Things were happening real fast now. At the November 28 meeting of the new city council, to no one’s surprise, “Ordinance No. 5” passed by a unanimous vote and Seal Beach went “wet,” causing the LA Times to gush that the new town now “edges its way into the spotlight of Southern California’s numerous ‘watering places’ and resorts where the bright lights gleam and care is thrown to the winds.”

Burt released more details about the new amusement area in mid-January. The general theme would be Spanish and Gothic — like the Panama-Pacific and all individual buildings had to be passed by and approved by the supervising architect, Mr. Symmes. (They had CC&R’s even then).

    “The present pavilion, dance hall and pier at Seal Beach would form the nucleus of the new resort which would extend equal distance to the east and west on either side of it.”

Seal Beach pierTo the end of the renovated and widened Seal Beach pier, already 1,865 feet in length, would be added a T-shaped extension 80×50 feet in size. On this is to stand a seventy-foot tower crowned with a battery of 50 immense searchlights — a portion of the famous “Scintillator” which was a highlight of the San Francisco event.

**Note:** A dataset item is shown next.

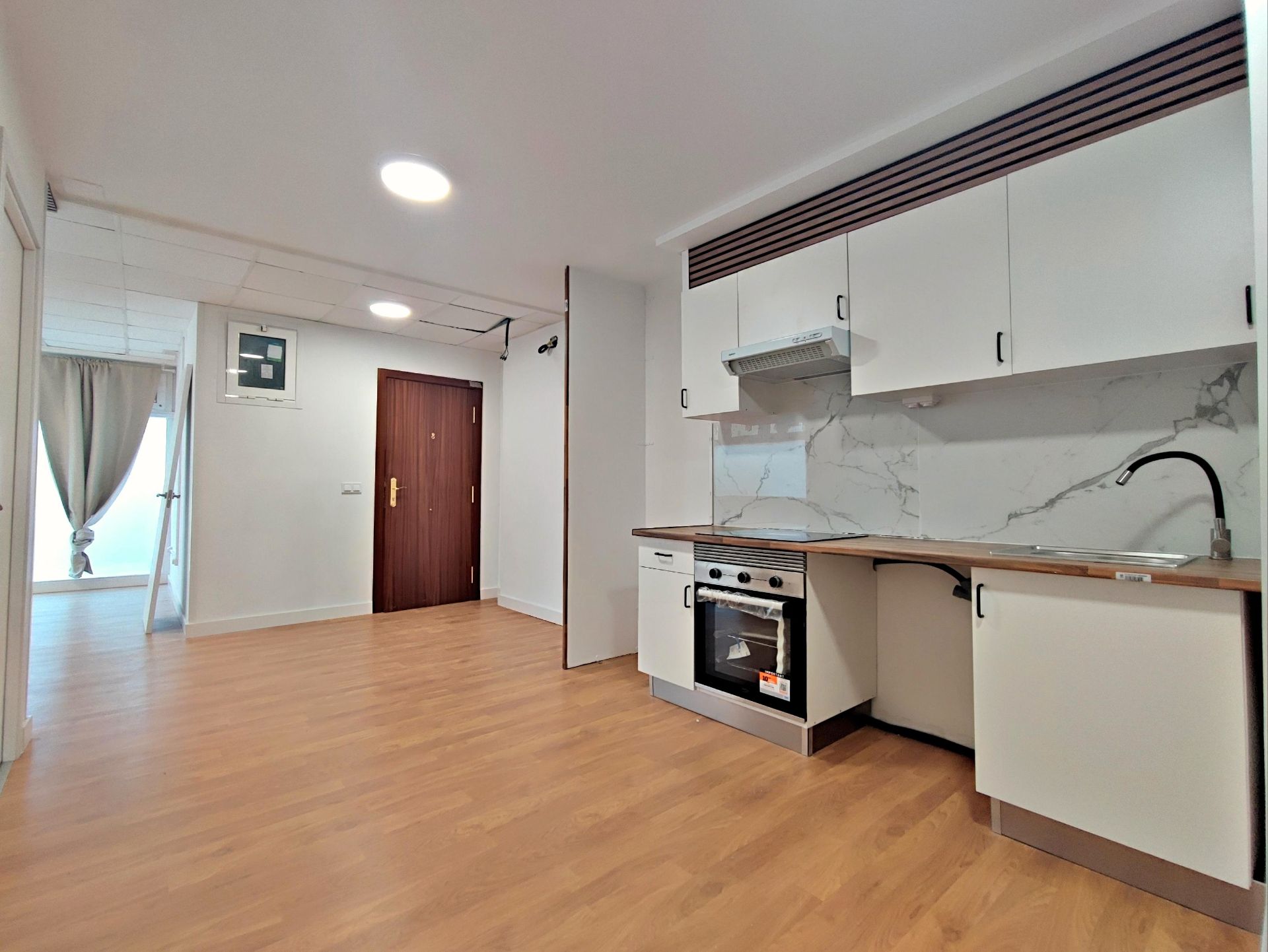Kitchen of Study to rent in Sant Cugat del Vallès  with Air Conditioner, Heating and Furnished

Colored lenses powered by electric motors, were constantly passed in front of the searchlights creating a rainbow “scintillating” effect which could be seen for 20 miles in all directions.

Mr Burt announces that Torpey & Edwards of San Francisco will duplicate the racing coaster, dance hall, “Third Degree”, merry go-round, and bathing pool features, which they had in San Francisco and and adding as a brand new feature, an aviation field from which passengers will be taken aloft in real aeroplanes.”

Edward Wasserman of San Francisco will have the popcorn, peanut and candy concessions, as at the exposition. The Worthington Company, of Elyria, Ohio, will have the roller coast chair privileges. The Van Kummel Company of New York City will install an elaborate device to be known as the “Witching Waves.”

The total investment in the project would run, says its promoter, into several hundred thousand dollars. “The outlay of the Bayside Land Company alone approximating $200,000.” (That would be almost $4 million dollars in 2010 money). But these numbers have to be placed in the perspective of carnival hucksterism. At the San Francisco fair, one of Burt’s exhibit operators, Fred Thompson of Coney Island fame, touted the expense of his “Toyland Grown Up” as one million dollars, although the official budget was only $150,000.

By January 1916, all tenants on the Seal Beach ocean front property were given notice to vacate immediately, while the newspapers were reporting that ‘Most of “Zone” to Come Here’ and soon nearly 200 men were working daily to rush completion of the Zone by May 1, its scheduled opening day, although Burt acknowledged that “all construction records will have to be broken” to get the project completed by its projected date.  The project included nearly a mile of bulkhead in the Seal Beach sand, and nearly 4,000 feet of concrete walk  between the Main Street Piere and Anaheim Landing at a uniform width of 38 feet.
The foundation was also poured for the Wilcox Casino at Anaheim Landing, which was expected to be one of  the showpieces of the new resort.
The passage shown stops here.